Short descriptive text snippets:

>>>>

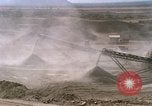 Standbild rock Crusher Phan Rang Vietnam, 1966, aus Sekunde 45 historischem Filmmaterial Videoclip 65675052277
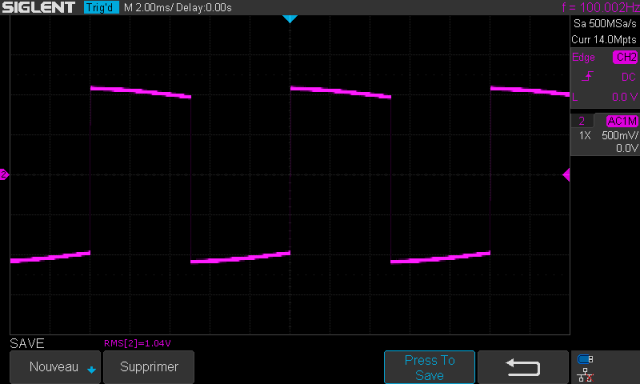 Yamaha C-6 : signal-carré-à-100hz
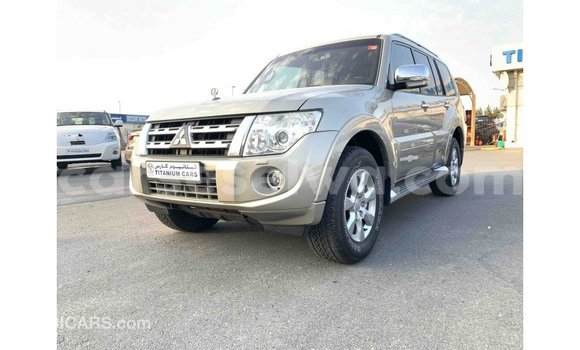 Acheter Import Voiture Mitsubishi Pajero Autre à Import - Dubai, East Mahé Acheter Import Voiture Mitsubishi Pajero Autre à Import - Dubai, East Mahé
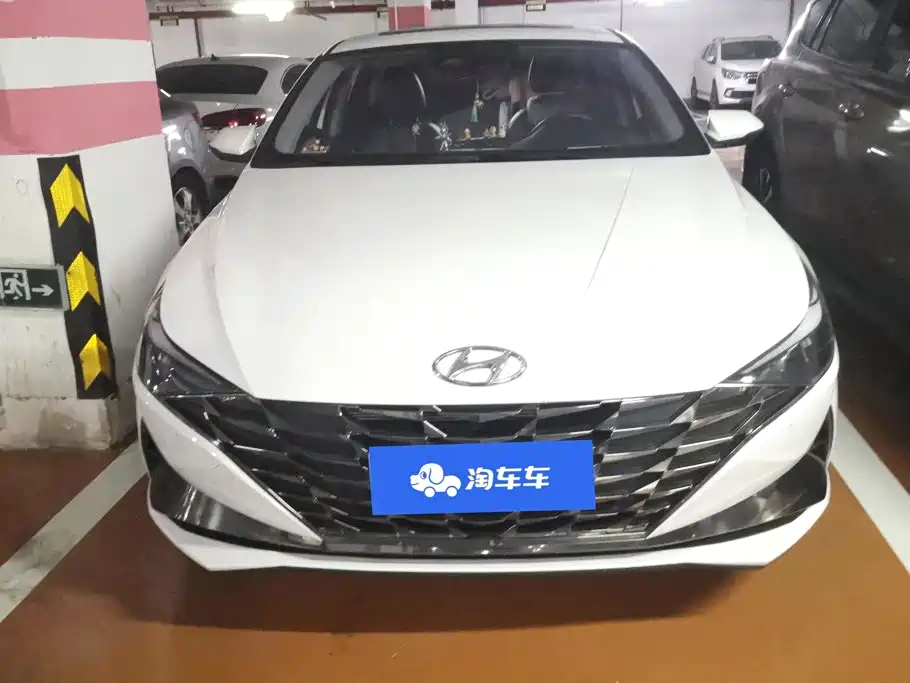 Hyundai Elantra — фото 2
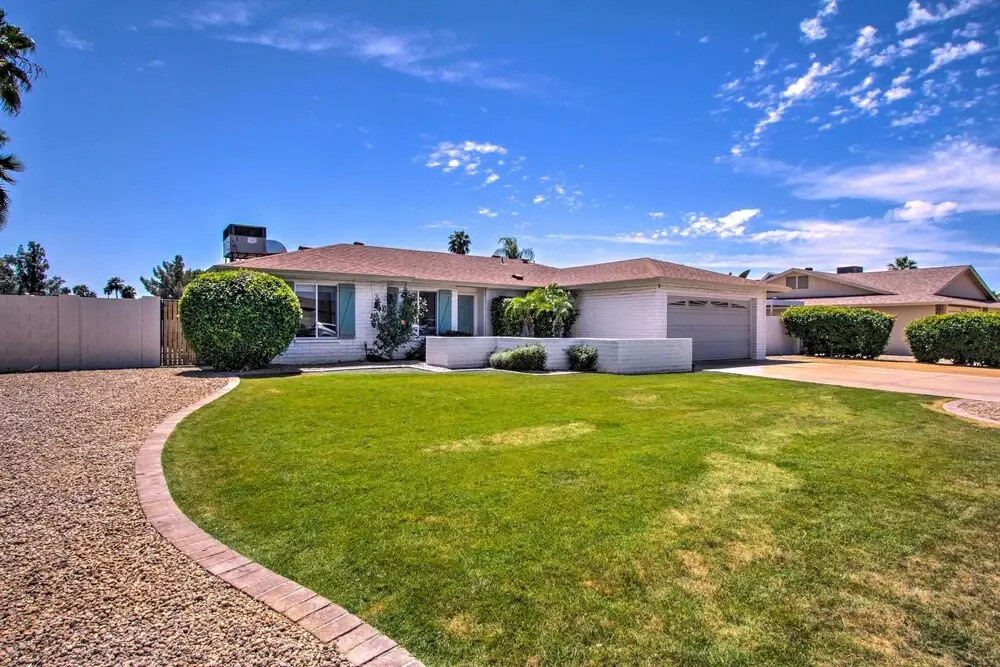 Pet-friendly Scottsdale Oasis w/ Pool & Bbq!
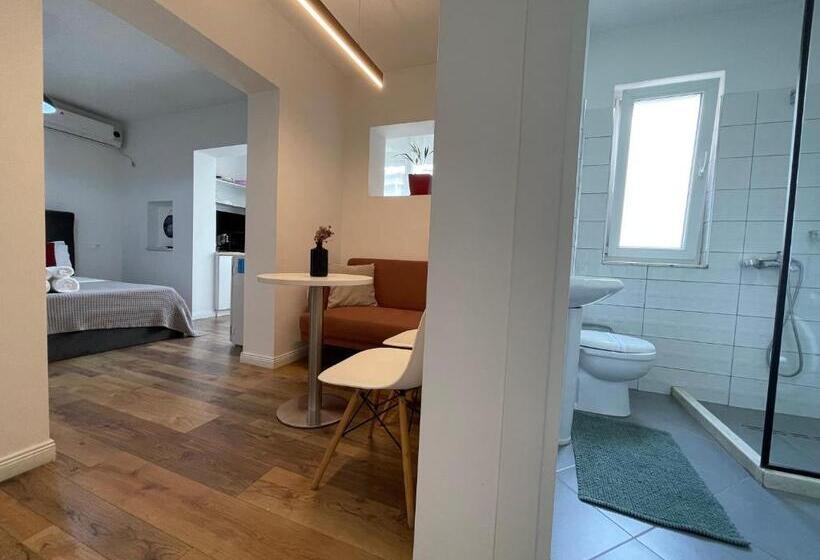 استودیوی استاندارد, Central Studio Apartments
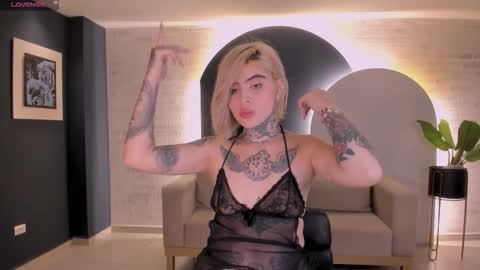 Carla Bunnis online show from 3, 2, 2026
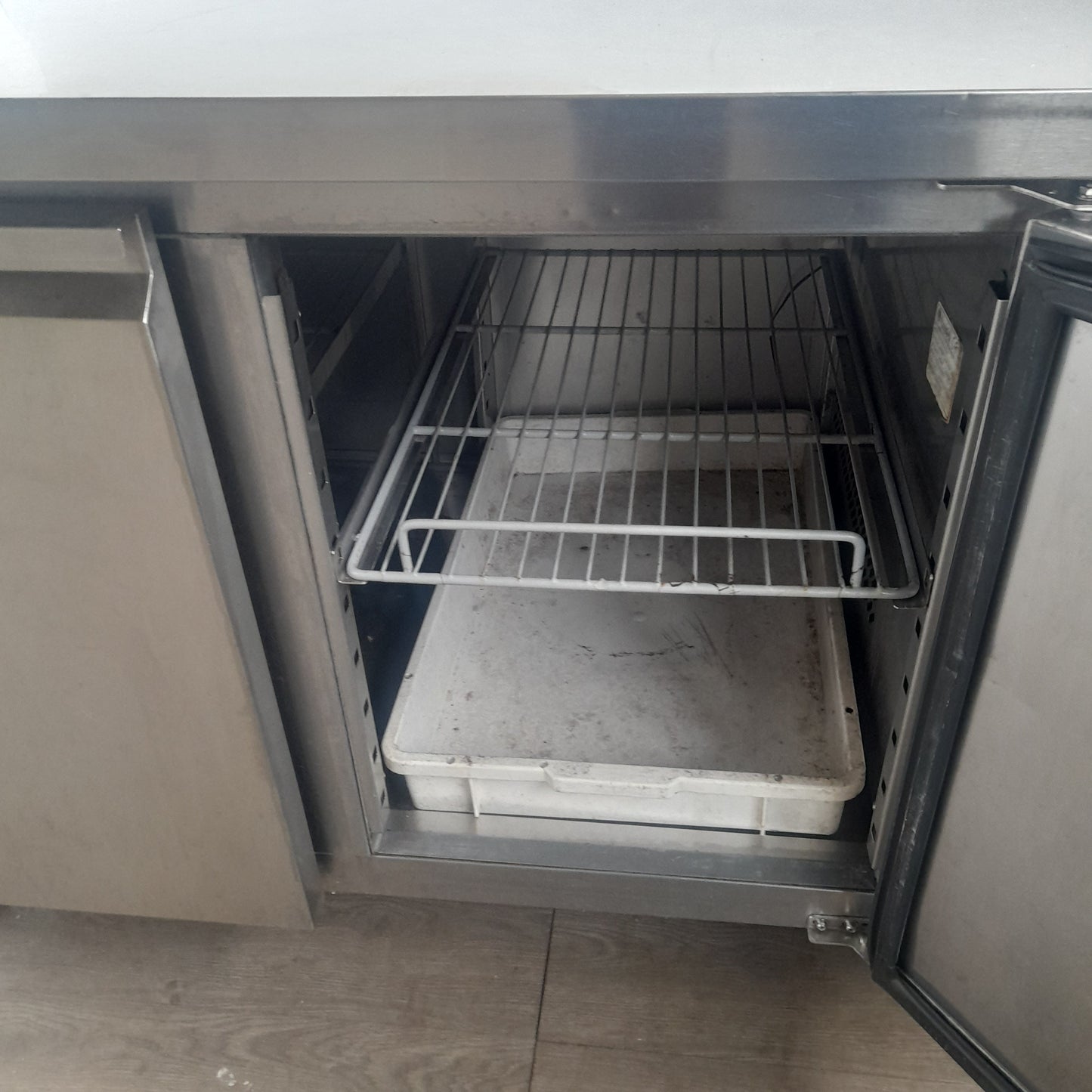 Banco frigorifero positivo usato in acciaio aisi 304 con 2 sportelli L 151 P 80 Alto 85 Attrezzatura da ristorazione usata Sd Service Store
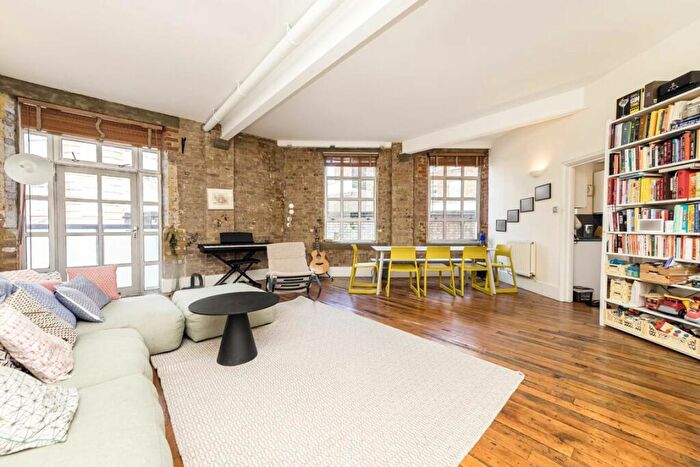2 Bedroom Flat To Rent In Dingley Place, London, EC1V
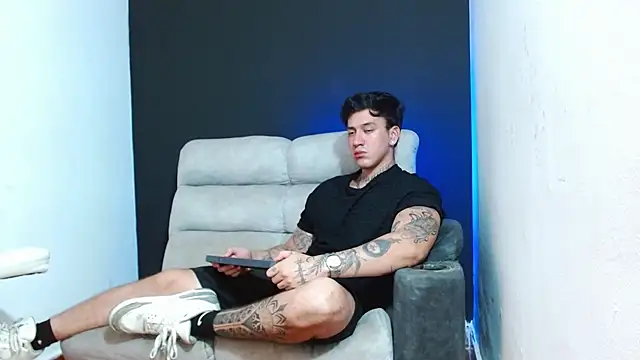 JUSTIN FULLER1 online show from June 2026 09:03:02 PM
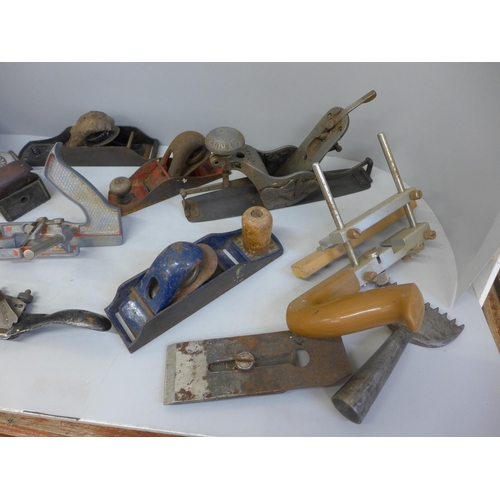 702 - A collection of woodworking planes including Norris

<<<<

Your copy of the entries must be exact and must not include any of their pictures.

OUTPUT FOR THIS TASK:
 Standbild rock Crusher Phan Rang Vietnam, 1966, aus Sekunde 45 historischem Filmmaterial Videoclip 65675052277
 Yamaha C-6 : signal-carré-à-100hz
 Acheter Import Voiture Mitsubishi Pajero Autre à Import - Dubai, East Mahé Acheter Import Voiture Mitsubishi Pajero Autre à Import - Dubai, East Mahé
 Hyundai Elantra — фото 2
 Pet-friendly Scottsdale Oasis w/ Pool & Bbq!
 استودیوی استاندارد, Central Studio Apartments
 Carla Bunnis online show from 3, 2, 2026
 Banco frigorifero positivo usato in acciaio aisi 304 con 2 sportelli L 151 P 80 Alto 85 Attrezzatura da ristorazione usata Sd Service Store
2 Bedroom Flat To Rent In Dingley Place, London, EC1V
 JUSTIN FULLER1 online show from June 2026 09:03:02 PM
 702 - A collection of woodworking planes including Norris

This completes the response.